Calling for a radical rethinking of human nutrition science, scientists have developed a new framework called “nutritional geometry” which is the culmination of more than 20 years of research in the field.
According to the authors, the new model will assist health professionals, dietitians and researchers to better understand and manage the complexities of obesity.
The new model shows that protein has been the strongest driver influencing diet, regulating the intake of fat and carbohydrate.
“Existing models for measuring health impacts of the human diet are limiting our capacity to solve obesity and its related health problems,” said professor David Raubenheimer and professor Stephen Simpson from University of Sydney’s Charles Perkins Centre.
‘Nutritional geometry’ considers how mixtures of nutrients and other dietary components influence health and disease, rather than focusing on any one nutrient in isolation.

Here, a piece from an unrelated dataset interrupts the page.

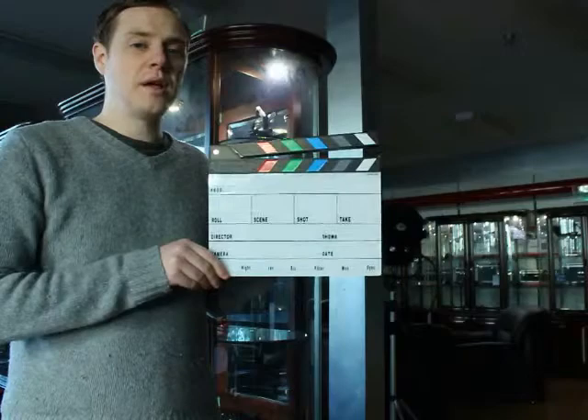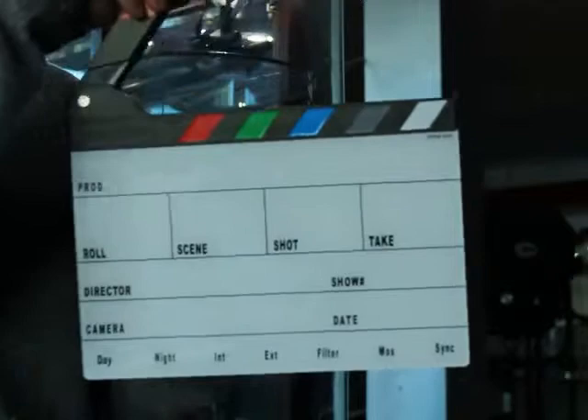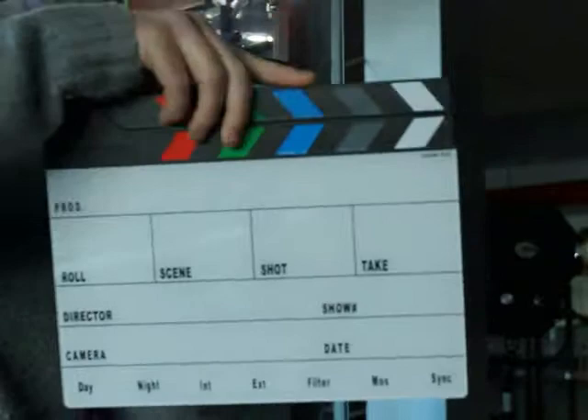Here we have the K-Vision Next Generation Clapper Slate. It has all the same standard features as a regular slate with some new enhancements. The new single bolt hinge mechanism provides for ultra smooth movement. It has a reinforced 3-dimensional ABS structure, which also provides for a handle slot in the back, and a resonance chamber which amplifies the sound.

“Our framework shows that the prevailing focus on single nutrients is not able to help us understand complex chronic diseases and that an approach based on nutrient balance can help solve the problem,” Simpson added.
The traditional approach is no longer useful in the face of modern nutrition-related diseases which are driven by an overabundance of food, an evolved fondness for foods containing particular blends of nutrients, and savvy marketing.

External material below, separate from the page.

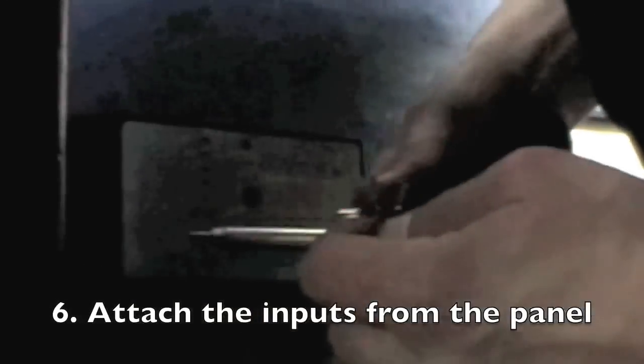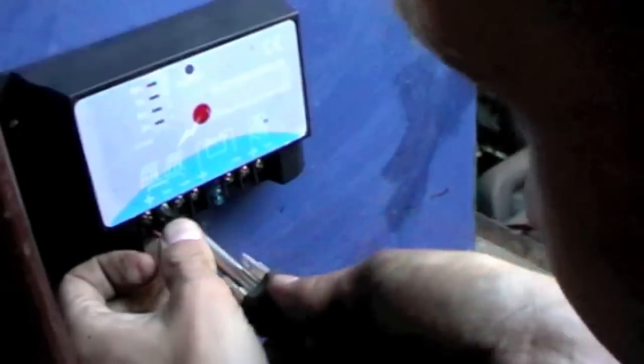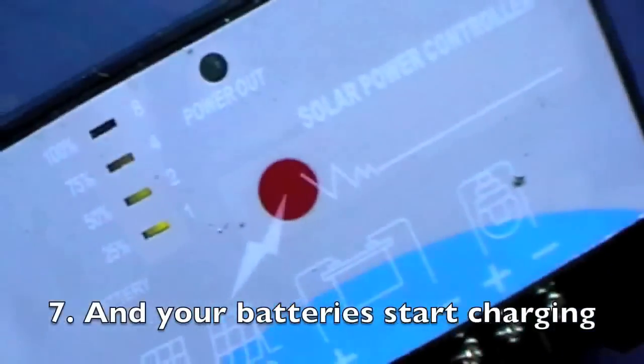I'm now attaching the inputs to the charge controller. This is the charge controller — plus there, minus there, and if you have another panel, another minus there. There you go. Wicked!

Conventional thinking which demonises fat, carbohydrate or sugar in isolation as causes of the obesity crisis – dubbed the single nutrient approach – has now run its course.
“We’ve provided a framework for not only thinking about but also experimentally testing issues around dietary balance. Much like the invention of the telescope or the microscope, this framework offers a new tool with which to look at complex dietary problems and bring them into focus,” Simpson noted.
The ‘nutritional geometry’ framework enables us to plot foods, meals, diets and dietary patterns together based on their nutrient composition and this helps researchers to observe otherwise overlooked patterns in the links between certain diets, health, and disease.
For the study, the duo plotted data for the composition of 116 diets, compiled from previous published studies examining macronutrient ratios (carbohydrate, fats, and protein) and energy intake in humans.
“The new approach provides a unique method to unify observations from many fields and better understand how nutrients, foods, and diets interact to affect health and disease in humans,” added professor Raubenheimer in a paper published in the journal Annual Review of Nutrition.